Encountered the above error when using Adv Search.  Was searching only one Forum (Wyndham) for search phrase "Bonus Time"


----------



## DeniseM (Dec 20, 2011)

Yep - http://www.tugbbs.com/forums/showthread.php?t=153674


----------



## jcrist (Feb 7, 2012)

*Search Broke*

Searched a forum.  

Fatal error: Allowed memory size of 26214400 bytes exhausted (tried to allocate 1048576 bytes) in /home/tugbbsc/public_html/forums/search.php on line 870


----------



## DeniseM (Feb 7, 2012)

This is a V-Bulletin problem and out of our control.  When you click on the "search" button, choose "Search TUG Via Google."


----------



## jcrist (Feb 8, 2012)

DeniseM said:


> This is a V-Bulletin problem and out of our control.  When you click on the "search" button, choose "Search TUG Via Google."



V-Bulletin is pretty much used on 90% of all forums, of which I frequent at least a dozen of them.  While this may be a bug in V-Bulletin, I don't think it would be their responsibility to login to your server and update your V-Bulletin version to the a version that doesn't have the bug.  I believe that is something you would control?


----------



## MULTIZ321 (Feb 8, 2012)

jcrist said:


> V-Bulletin is pretty much used on 90% of all forums, of which I frequent at least a dozen of them.  While this may be a bug in V-Bulletin, I don't think it would be their responsibility to login to your server and update your V-Bulletin version to the a version that doesn't have the bug.  I believe that is something you would control?




JC,

If you haven't already -see this other Tug thread about this topic, including the solutions.


Richard


----------



## jcrist (Feb 8, 2012)

Would the better solution be to fix the problem as opposed to providing a workaround?

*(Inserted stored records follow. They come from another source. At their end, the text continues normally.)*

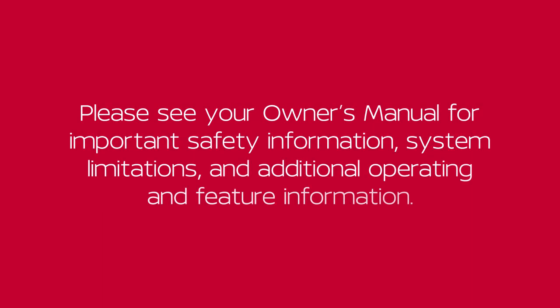Please see your Owner's Manual for important safety information, system limitations, and additional operating and feature information.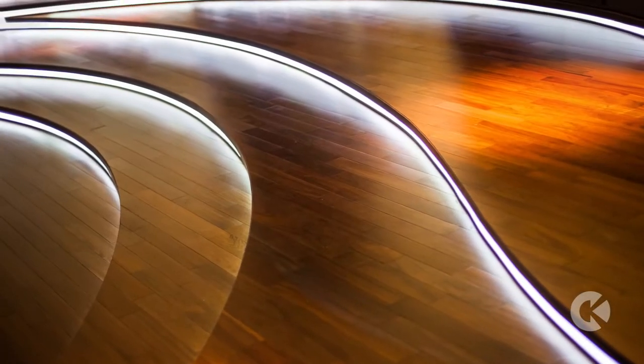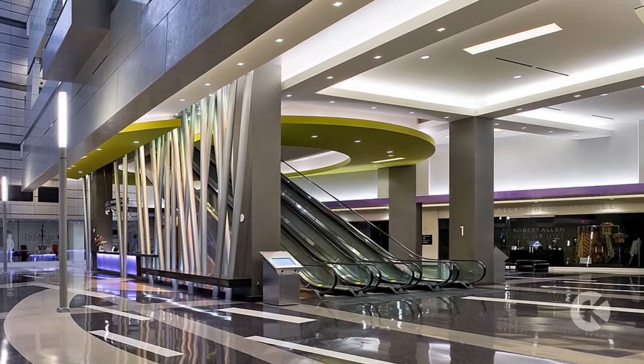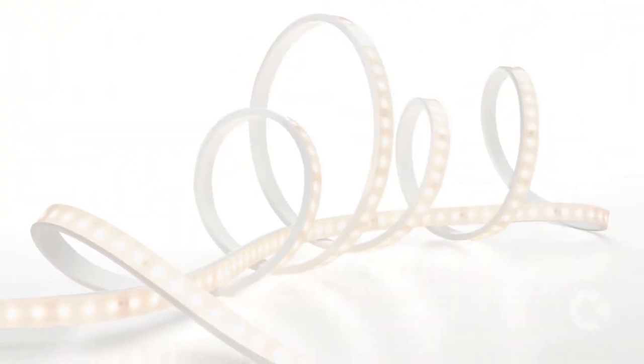Lighting designers know that some areas are harder to light than others. For these demanding installations, we developed VIA Freeform. VIA Freeform is our thin, flexible, linear LED luminaire.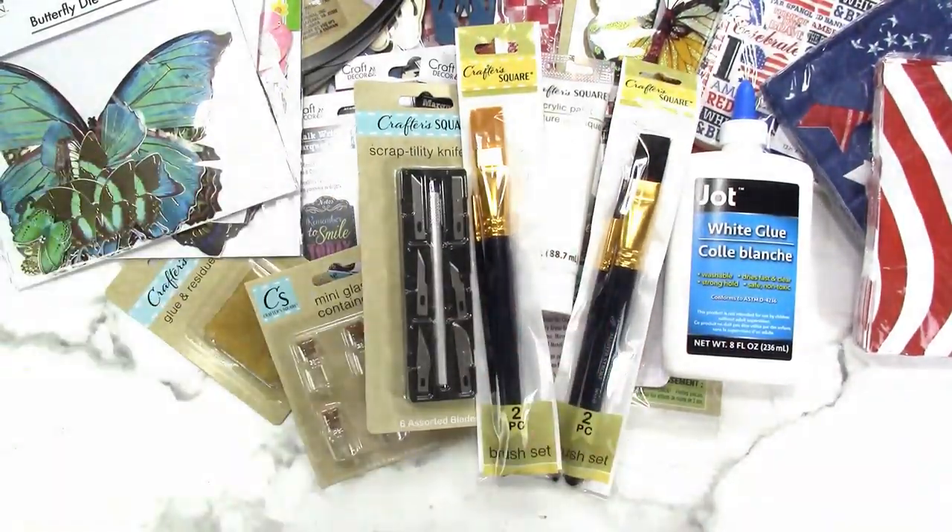To enter the giveaway, let me know in the comments what was your favorite thing from Dollar Tree and whether you would shop at Dollar Tree for craft supplies. All other rules and information will be in the description box below. I hope you enjoyed this special edition of Dollar Tree Wednesdays haul featuring Crafter's Square. Please give me a thumbs up, subscribe, and hit the bell for notifications. Check the community tab, my stories, Patreon at patreon.com/scrapcraftastic, my other channel Journal Life's Journey, and find me at scrapcraftastic across social media and at scrapcraftastic.com.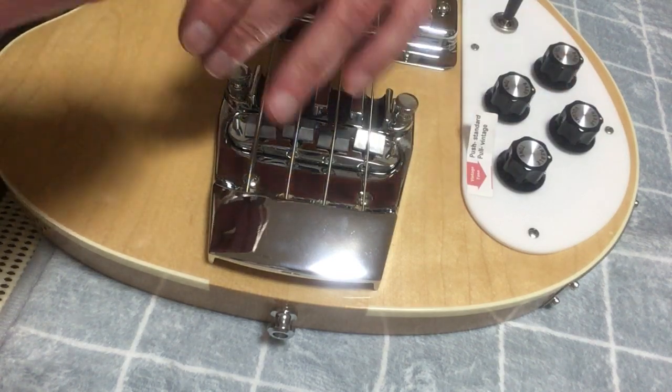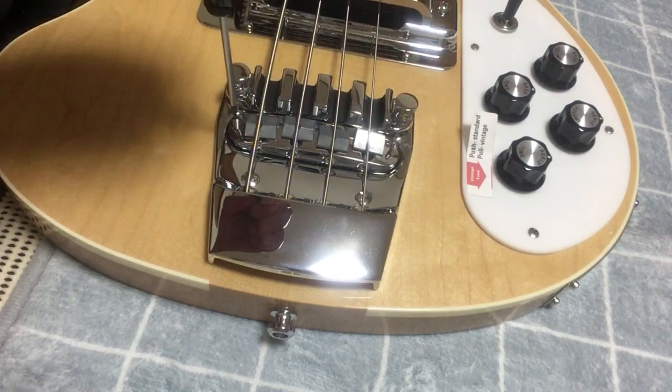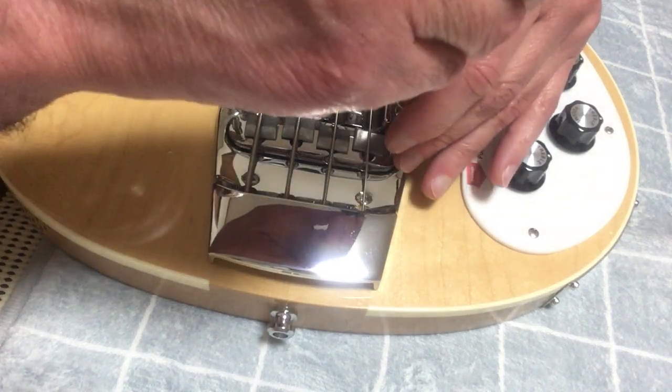Now to raise the action, you want to turn the screw clockwise, or to the right, and that'll raise the bridge. Do that on both sides.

The version of VBulletin you are using 3.6.4, is six years old (released in 2006).  

Here's a thread from the VBulletin Support forum (from 2007) discussing the issue:

https://www.vbulletin.com/forum/showthread.php/233125-Error-on-searches?highlight=+error++line++870

The link to the thread you posted also shows a post stating "we have no control"  Do you not have the ability to update VBulletin and/or PHP on your server? Or have you just chosen not to do so due to resource (time/money) limitations?


----------



## DeniseM (Feb 8, 2012)

In another thread, TUG owner Brian Rogers has already stated that they are upgrading...


----------



## Makai Guy (Feb 8, 2012)

Due to the extensive modifications we've made to the software to customize it for TUG's needs, updating to later versions of the software is not a simple or easy process.   It will be done, but it will take a while, possibly several months, as we have to feel our way along.

In the meanwhile, tonight (Wednesday Feb 8, 2012) we have made some changes to the way the board runs its searches.

Please report any search errors you receive.


----------